El presidente electo Joe Biden acaba de designar como su secretario de estado a Antony Blinken. Este, quien fue vice-canciller de John Kerry en la administración de Obama, nació en el seno de una familia Judía en New York en 1962. Educado en París en un ecole bilingüe, coqueteó con convertirse en director de cine. Músico en la práctica de la guitarra y compositor de canciones como Ablinken. Antony Blinken es egresado de Harvard y posee un doctorado en leyes en la universidad de Columbia. Fue vice consejero de seguridad de Obama, estuvo muchos años en el departamento de estado en la administración Clinton. Su relación con Biden viene de años desde el congreso donde colaboró con el candidato electo siendo este senador de Delaware.

Joe Biden ha prometido reconstruir las alianzas globales rotas por la administracion Trump, y devolver a Estados Unidos al lugar prominente en el tablero global. El anuncio de Antony Blinken como secretario de estado es un canto de esperanza. La necesaria comunidad internacional, el fortalecimiento de los organismos internacionales tan desacreditados, la alianza atlántica Europa-EEUU de vital importancia para el mundo libre junto a la democracia tras las guerras en estos tiempos de cambios disruptivos. Solo el diálogo, el trabajo mancomunado y la colaboración a escala planetaria, que tan magistralmente define el historiador Yuval Noah Harari, podrá permitir a la humanidad proseguir la vida en relativa paz y continuar de la mano del progreso ante los retos del nuevo milenio.

El inminente cambio de rumbo en la política exterior imperial es un derroche de optimismo. Un grito de renovación hacia los espíritus que han formado y trazado el rumbo global de nuestra civilización en los últimos 75 años. Ante la orfandad de liderazgos, las carencias y mediocridad propia de los excesos, junto al derroche de los tiempos de crecimiento. La crisis actual, protagonizada por un fenómeno global como la pandemia del Covid-19, enseñorea la necesidad apremiante de consenso y diálogo mundial. La búsqueda de la nueva Naciones Unidas, el nuevo Bretton Woods junto a un nuevo plan Marshall de orden mundial para robustecer los cimientos de la civilización digital del conocimiento.
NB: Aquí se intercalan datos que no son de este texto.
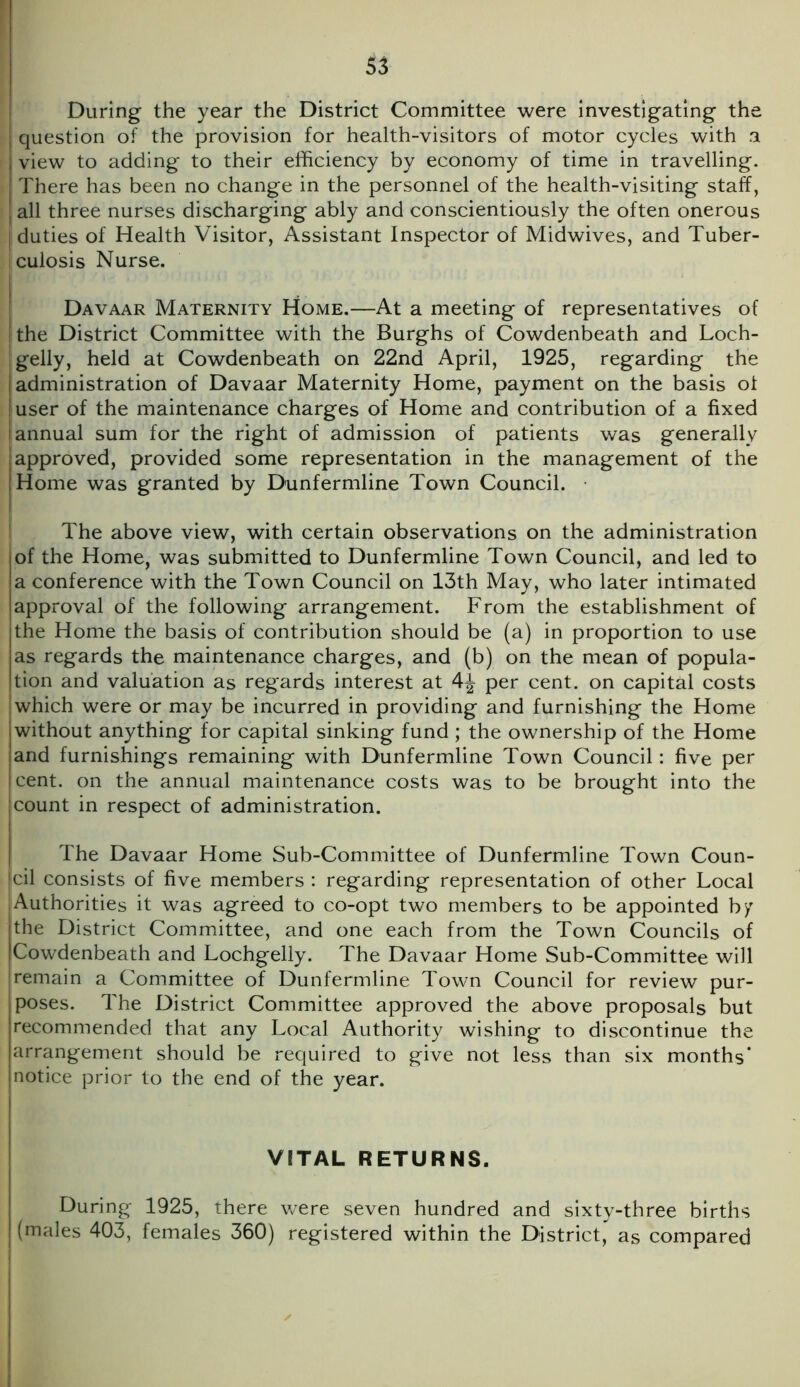 During the year the District Committee were investigating the question of the provision for health-visitors of motor cycles with a view to adding to their efficiency by economy of time in travelling. There has been no change in the personnel of the health-visiting staff, all three nurses discharging ably and conscientiously the often onerous duties of Health Visitor, Assistant Inspector of Midwives, and Tuber- iculosis Nurse. Davaar Maternity Home.—At a meeting of representatives of ! the District Committee with the Burghs of Cowdenbeath and Loch- Igelly, held at Cowdenbeath on 22nd April, 1925, regarding the J administration of Davaar Maternity Home, payment on the basis ol ! user of the maintenance charges of Home and contribution of a fixed | annual sum for the right of admission of patients was generally approved, provided some representation in the management of the Home was granted by Dunfermline Town Council. The above view, with certain observations on the administration of the Home, was submitted to Dunfermline Town Council, and led to a conference with the Town Council on 13th May, who later intimated approval of the following arrangement. From the establishment of the Home the basis of contribution should be (a) in proportion to use as regards the maintenance charges, and (b) on the mean of popula- tion and valuation as regards interest at 4^ per cent, on capital costs which were or may be incurred in providing and furnishing the Home without anything for capital sinking fund ; the ownership of the Home and furnishings remaining with Dunfermline Town Council: five per cent, on the annual maintenance costs was to be brought into the count in respect of administration. The Davaar Home Sub-Committee of Dunfermline Town Coun- cil consists of five members : regarding representation of other Local [Authorities it was agreed to co-opt two members to be appointed by the District Committee, and one each from the Town Councils of Cowdenbeath and Lochgelly. The Davaar Home Sub-Committee will remain a Committee of Dunfermline Town Council for review pur- poses. The District Committee approved the above proposals but recommended that any Local Authority wishing to discontinue the arrangement should be required to give not less than six months' notice prior to the end of the year. VITAL RETURNS. During 1925, there were seven hundred and sixty-three births (males 403, females 360) registered within the District, as compared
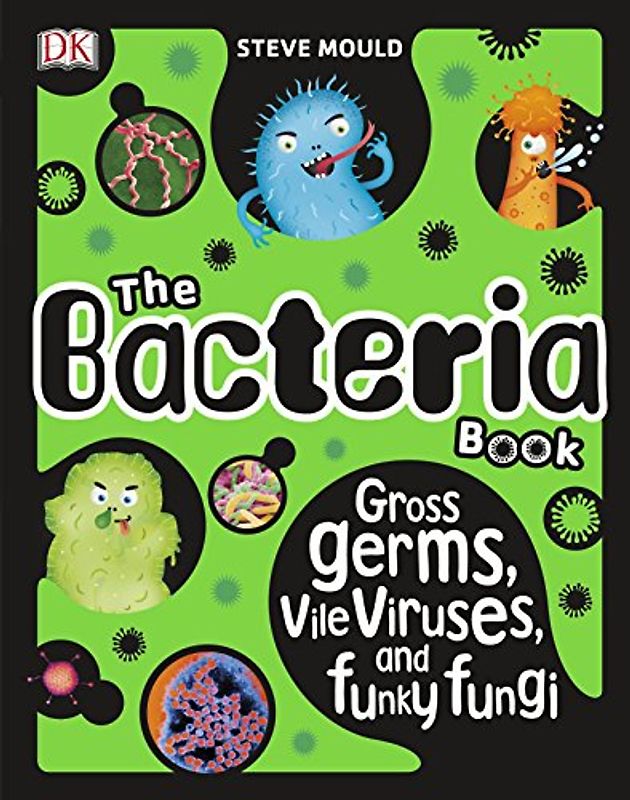 The Bacteria Book: Gross Germs, Vile Viruses, and Funky Fungi (The Science Book)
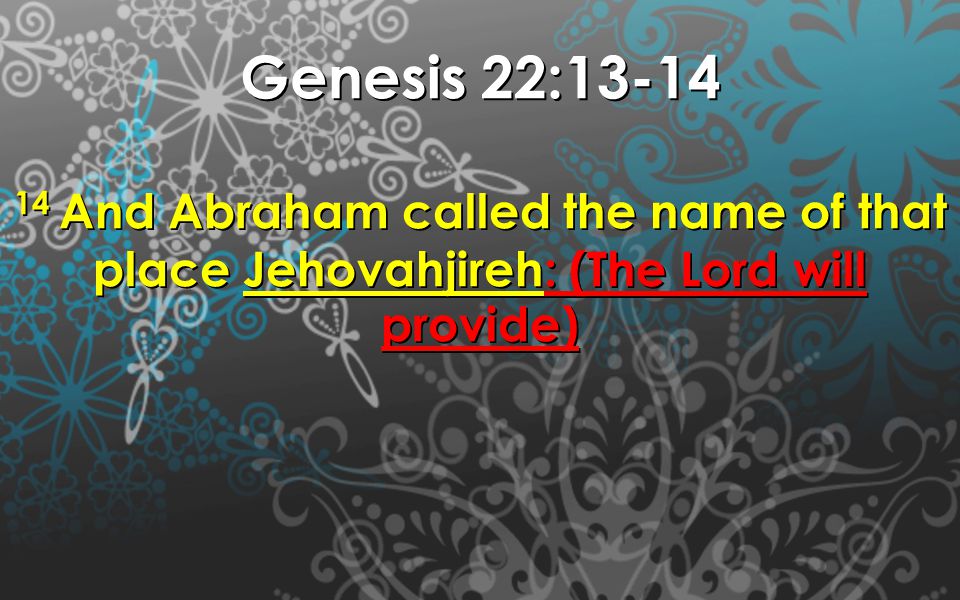 Genesis 22: And Abraham called the name of that place Jehovahjireh: (The Lord will provide)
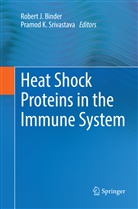 Robert J. Binder, Rober J Binder, Robert J Binder, K Srivastava, K Srivastava, Pramod K. Srivastava - Heat Shock Proteins in the Immune System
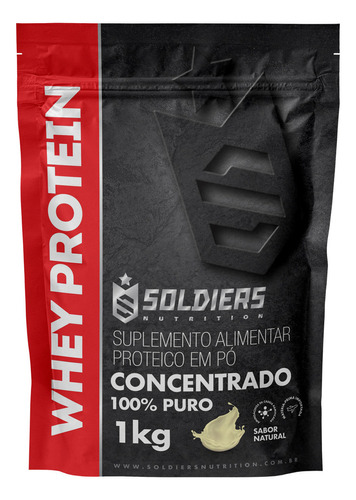 Whey Protein Concentrado 1kg - Sabor Natural - 100% Puro - Soldiers Nutrition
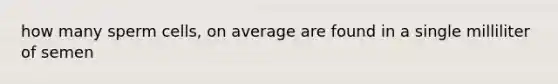 how many sperm cells, on average are found in a single milliliter of semen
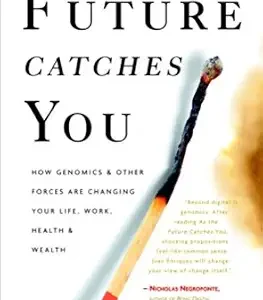 خرید و دانلود نسخه کامل کتاب As the Future Catches You: How Genomics and Other Forces Are Changing Your Life, Work, Health, and Wealth
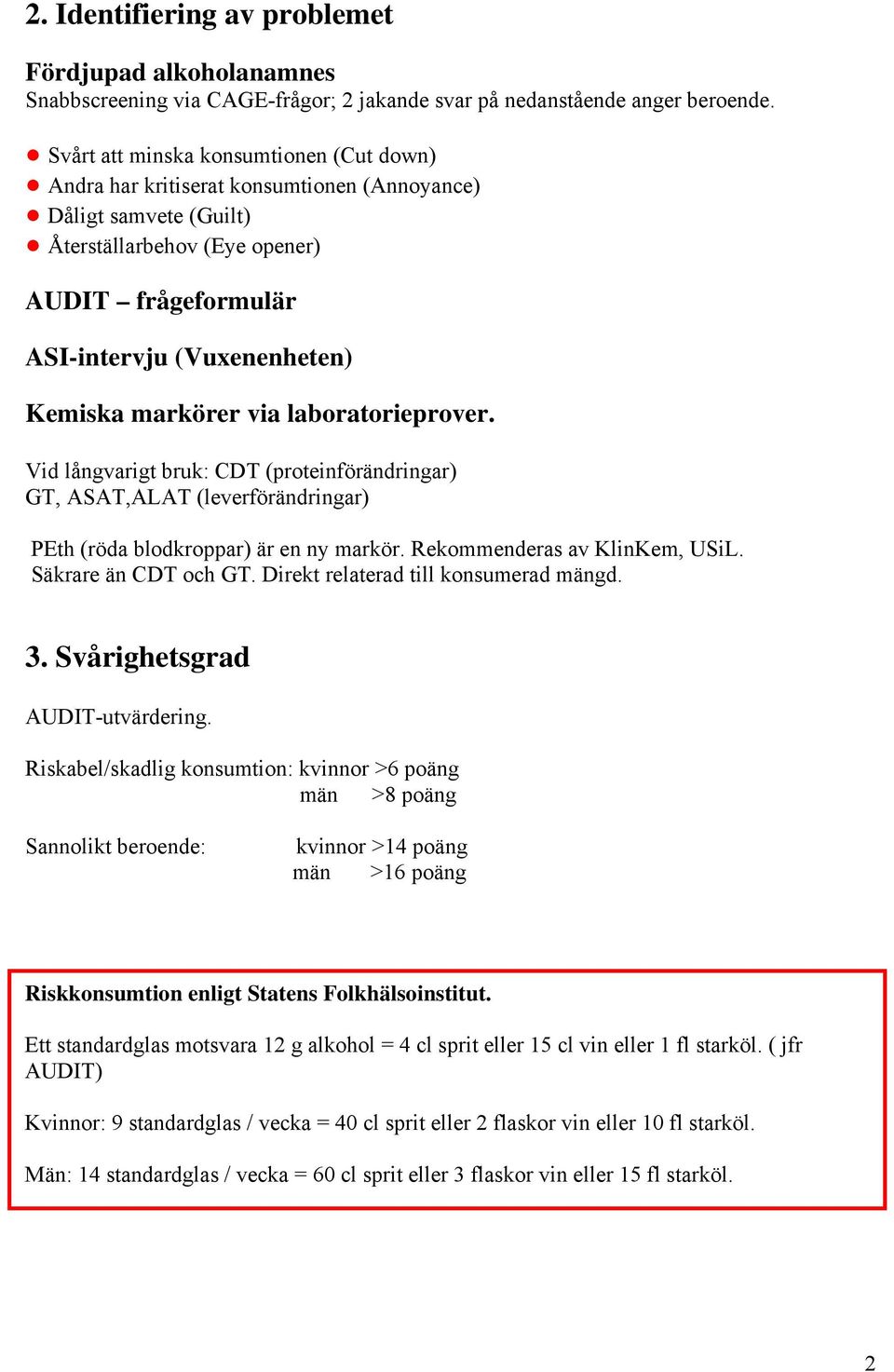 markörer via laboratorieprover. Vid långvarigt bruk: CDT (proteinförändringar) GT, ASAT,ALAT (leverförändringar) PEth (röda blodkroppar) är en ny markör. Rekommenderas av KlinKem, USiL.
Desde el patio hacemos un llamado a la prudencia junto a los nuevos vientos de concordia. Somos una media isla en el mismo trayecto del sol, frontera imperial. Estamos en la presidencia del consejo de seguridad de la ONU por el favor y como paga al establecer relaciones con la China de Mao Tsetung. Si bien no comulgamos con la práctica no democrática de la diplomacia de Beijing ni con la filosofía del partido único Chino, sería sabio e inteligente poder navegar entre esos dos mares imperiales. Sacar provecho a la nueva guerra fría en beneficio de los supremos intereses nacionales. Sin nunca dejar de reconocer el peso, el valor de nuestro vecino y principal socio comercial el tío Sam. Un nuevo tablero geopolítico se cierne en el horizonte. Oportunidades para la diplomacia dominicana desde su sabor a merengue con playas y la estratégica ubicación global.